Incomputable
Incomputable

Reputation: 2208

Is there a null file descriptor value in POSIX?

tl;dr Is there a posix descriptor value that I can throw into close() and nothing will happen?


Is there a specific value which I could use, like NULL for pointers, for file descriptors? I'd like the code to be uniform, so I thought that I could set the origin descriptor into null descriptor.

class socket
{
    int fd;
public:
    //deleted copy operations
    socket(socket&& other):
                   fd{other.fd}
    {
        other.fd = /*null descriptor*/
    }

    ~socket()
    {
        if (close(fd) == -1)
        {
            throw std::runtime_error{strerror(errno)};
        }
        // ^^ null file descriptor will do nothing on close()
        // like delete nullptr;
    }

I can store a boolean flag, but I'd like to avoid it.
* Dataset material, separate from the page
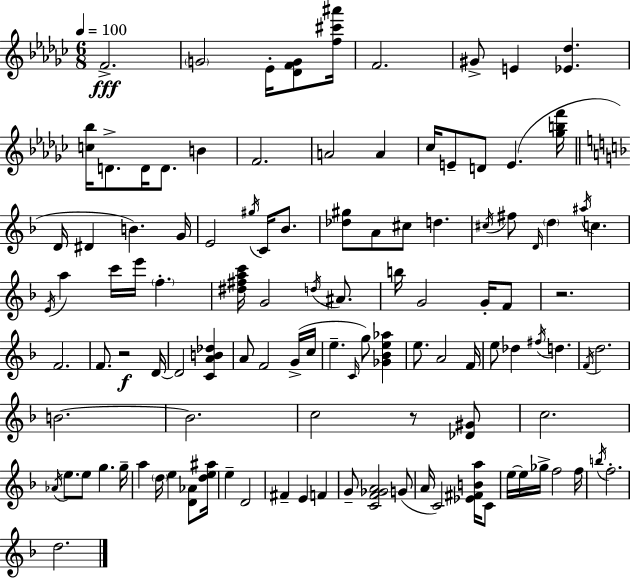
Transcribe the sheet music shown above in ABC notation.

The OS that it will be used on is Ubuntu 16.04, with gcc 5.4. I cannot use any library outside of POSIX and standard library itself, up to version present in gcc 5.4.

I tried to read man pages for open(), close(). They didn't mention any special value to use.
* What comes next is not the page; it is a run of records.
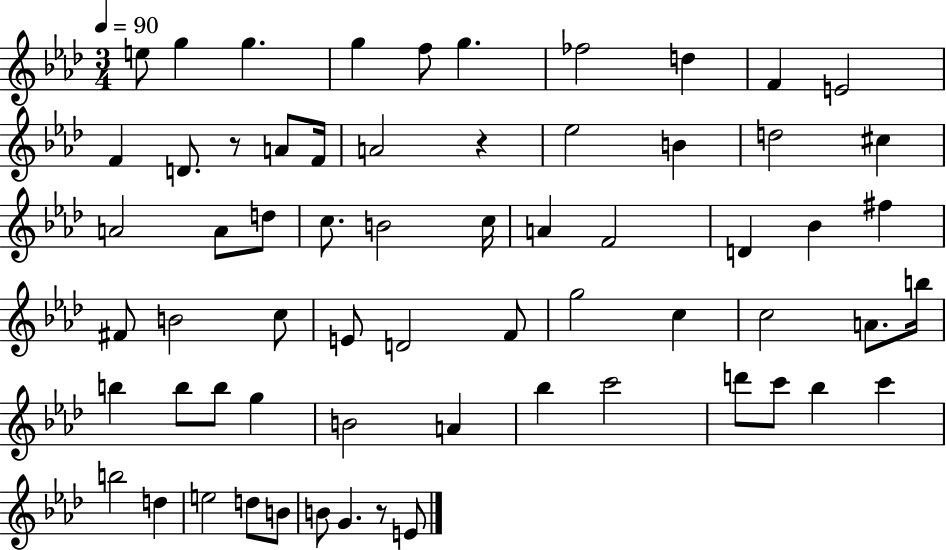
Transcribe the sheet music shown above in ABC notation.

X:1
T:Untitled
M:3/4
L:1/4
K:Ab
e/2 g g g f/2 g _f2 d F E2 F D/2 z/2 A/2 F/4 A2 z _e2 B d2 ^c A2 A/2 d/2 c/2 B2 c/4 A F2 D _B ^f ^F/2 B2 c/2 E/2 D2 F/2 g2 c c2 A/2 b/4 b b/2 b/2 g B2 A _b c'2 d'/2 c'/2 _b c' b2 d e2 d/2 B/2 B/2 G z/2 E/2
I tried to set it to -1, but I'm not sure if it is safe to use everywhere.

Upvotes: 2

Views: 2198

Answers (1)

SergeyA
SergeyA

Reputation: 62553

A minus 1 value for file descriptor can be used in close call with no detrimental effect on the application other than close returning -1 itself.

Since negative one is guaranteed to never be a valid file descriptor, it will be safe.